» TASK BRIEF
Please write out every line of the listing without alteration, but omit the images.

** Opening DATA RECORDS block **

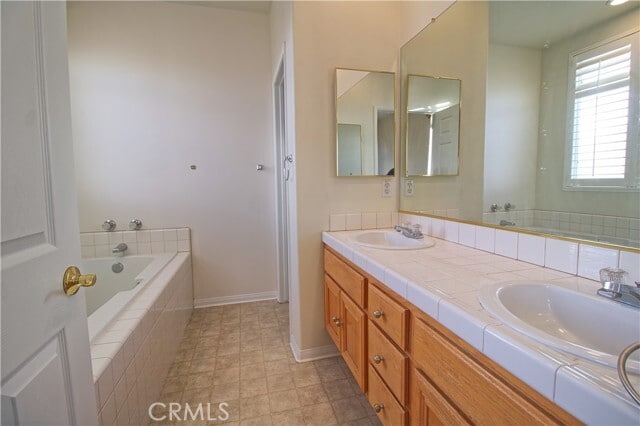 Building Photo - 206 N La Salle St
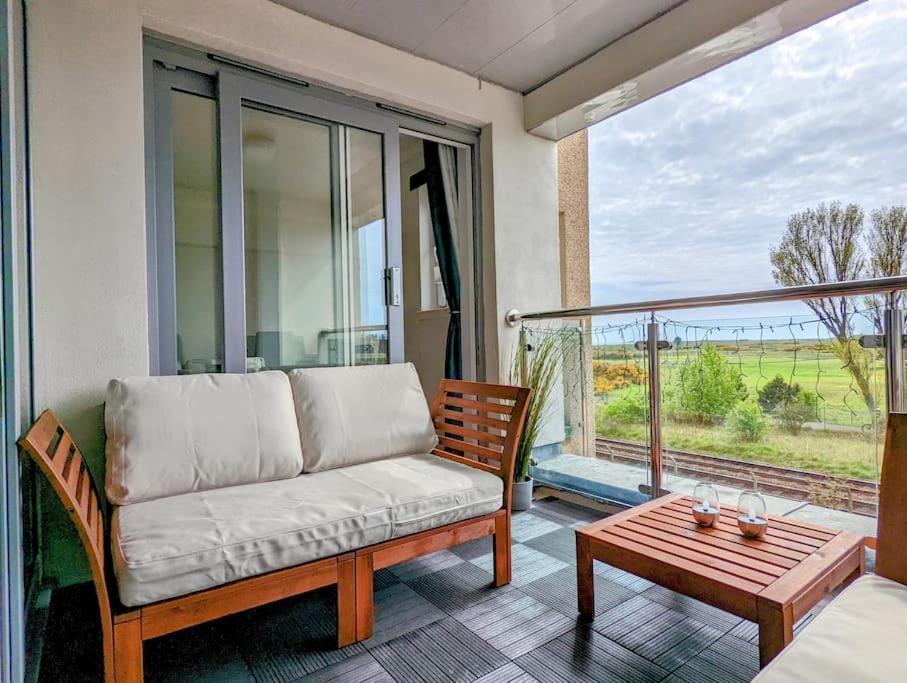 Beautiful 2 Bedroom Flat Overlooking Golf Course Carnoustie Dış mekan fotoğraf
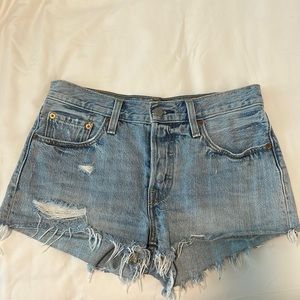 levi 501 shorts size 26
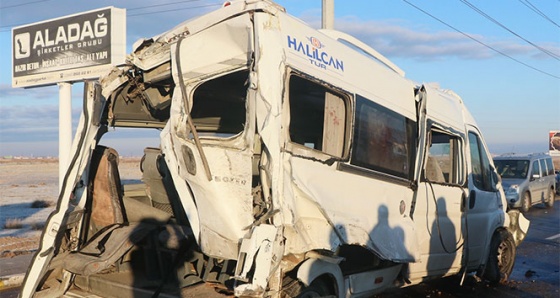 Servis otobüsü ve minibüsü çarpıştı: 17 yaralı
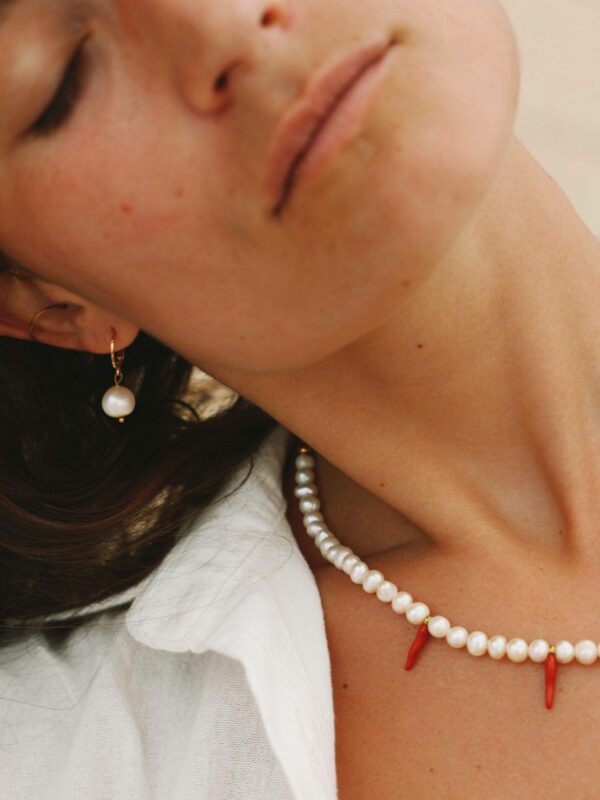 collier de perles de culture et piments et boucles d'oreille en perles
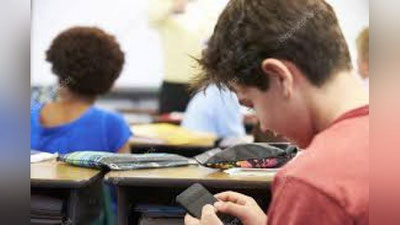 '​Adliya vazirligi ta`lim oluvchilar telefondan qanday holatlarda foydalanishi mumkinligini ma`lum qildi'ning rasmi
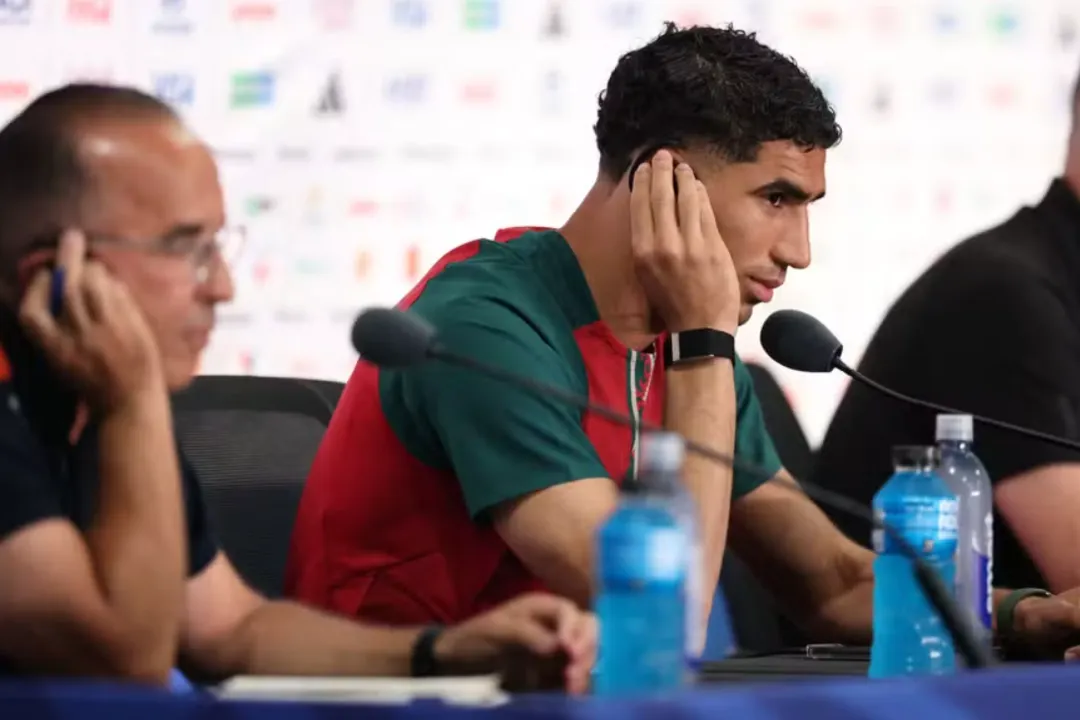 Após a repercussão envolvendo Vinícius Júnior e Hakimi, a Fifa voltou atrás e decidiu garantir tradução em espanhol em todas as entrevistas coletivas da Copa do Mundo. A mudança vale para todos os jogos do torneio, independentemente das seleções envolvidas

** Closing DATA RECORDS block **

» THE ANSWER
 Building Photo - 206 N La Salle St
 Beautiful 2 Bedroom Flat Overlooking Golf Course Carnoustie Dış mekan fotoğraf
 levi 501 shorts size 26
 Servis otobüsü ve minibüsü çarpıştı: 17 yaralı
 collier de perles de culture et piments et boucles d'oreille en perles
 '​Adliya vazirligi ta`lim oluvchilar telefondan qanday holatlarda foydalanishi mumkinligini ma`lum qildi'ning rasmi
 Após a repercussão envolvendo Vinícius Júnior e Hakimi, a Fifa voltou atrás e decidiu garantir tradução em espanhol em todas as entrevistas coletivas da Copa do Mundo. A mudança vale para todos os jogos do torneio, independentemente das seleções envolvidas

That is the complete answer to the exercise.